Monsieur le président,
- Mesdames et messieurs,
- C'est une grande cérémonie que celle qui se tient aujourd'hui, la XVIème, vous l'avez rappelé, depuis qu'a été institué, voilà un demi siècle, ce concours qui désigne les Meilleurs Ouvriers de France tous les trois ans. Je voudrais souligner d'abord qu'elle a heureusement renoué avec une tradition fort ancienne qui honorait la valeur professionnelle. Du temps des corporations, en effet, l'artisan restait un compagnon tant qu'il n'avait pas révélé sa capacité à maîtriser son art, à en devenir maître. Ce grade, ce titre de maître, lui était décerné lorsqu'il avait réalisé l'oeuvre importante et difficile, longue à achever qui lui avait été assignée. Et ses pairs devaient la reconnaître comme un chef-d'oeuvre. Le caractère de caste qu'avait pris peu à peu la hiérarchie des corporations accroîssait la difficulté. Ce caractère a heureusement disparu avec la Révolution de 1789. Mais la valeur professionnelle, elle, est restée qui consacrait les maîtres. Tel est l'objectif d'aujourd'hui comme à travers les temps. Et cette valeur professionnelle a été celle des ouvriers issus de la révolution industrielle quand leur tâche n'était pas exagérément parcellisée.\
Le concours des Meilleurs Ouvriers de France sélectionne aujourd'hui les chefs-d'oeuvre sur l'ensemble du territoire national. Il récompense la culture technique, l'harmonie entre les métiers d'hier et de demain, et l'effort d'excellence.

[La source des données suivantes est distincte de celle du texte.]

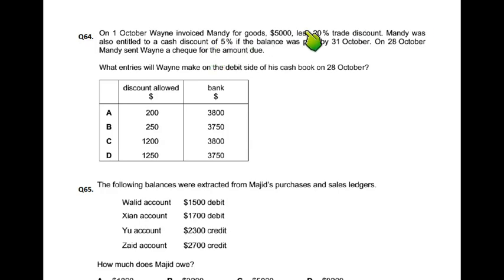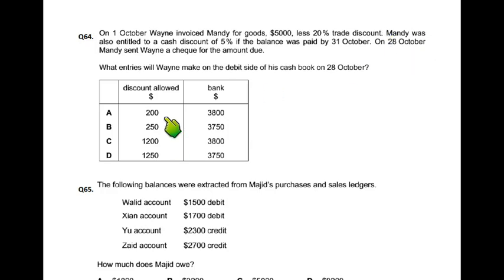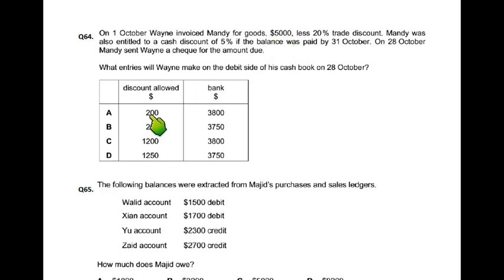Cash discount بھی دینا ہے 5%، اگر اس نے payment دی by 31st October۔ چونکہ اس نے payment 31st October سے پہلے دی، تو she is also entitled to cash discount of 5%۔ یہ 5% اب 5000 پہ نہیں لگے گا بلکہ 4000 پہ لگے گا۔ 4000 پہ 5% آ رہے ہیں 200۔ تو discount allowed column میں آئے گا 200 اور bank میں کتنا آئے گا؟ 3800۔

- Il est tout à fait naturel que cette cérémonie se déroule dans l'enceinte de la Sorbonne, haut lieu de l'esprit. Excellente tradition aussi qui marque l'importance de la culture technique aux côtés de la culture dite purement intellectuelle car pour certains, l'ouvrier qualifié, le maître artisan, on dit qu'ils ne sont que des manuels. Mais c'est ignorer, c'est mépriser tout le savoir-faire par lequel ils appliquent leur intelligence à des gestes. Il y a beaucoup d'intelligence dans la capacité de maîtriser la matière avec ses mains. C'est se placer dans l'autre tradition, la grande tradition de conquête de la matière par l'homme, tout autant que les chimistes ou les physiciens lorsque ceux-ci font leurs expériences. Ils sont, dans le domaine de la production, et au plus haut point comme ils le disent eux-mêmes, les Meilleurs Ouvriers de France, des créateurs qui enrichissent notre culture.
- Ce rôle de créateurs, vous le portez au plus haut niveau dans des secteurs anciens, mais aussi dans les secteurs nouveaux, dont la variété souligne la capacité d'imagination déployée en tout domaine. Cette diversité des secteurs traditionnels, on la connait, par un éventail de métiers aussi différents - et je ne citerai pas une liste exhaustive - que la tapisserie, l'ébénisterie, la cuisine, le bâtiment, la chaudronnerie, la mécanique. Mais la photographie, et plus encore l'électronique, sont là pour illustrer que les artisans peuvent trouver et trouvent un nouveau champ d'activité dans les technologies nouvelles. Plusieurs ouvriers peuvent conjuguer leur intelligence, leur savoir-faire dans un travail collectif. Et la loi sur la propriété artistique reconnaît que la création peut être oeuvre accomplie en commun. Nos cristalleries, nos verreries, sont des exemples de cette création commune.\
Dans la tradition du chef-d'oeuvre, il n'est pas question de lésiner sur le temps pour accéder à la perfection. Apprentissage de patience, de persévérance qui sont deux grandes vertus. Nous devons respecter et admirer ceux qui se dépensent pour se surpasser. Ils nous démontrent qu'il n'y a pas de fatalité de la standardisation, comme on dit, de l'uniformité, de la médiocrité. Ils nous prouvent que si l'on veut, on peut réussir. Et je souhaite que les jeunes de notre pays, et nombreux sont ceux d'entre vous qui sont jeunes, avec valeur d'exemple, comprennent bien ce message d'effort, et de récompense de l'effort par l'effort.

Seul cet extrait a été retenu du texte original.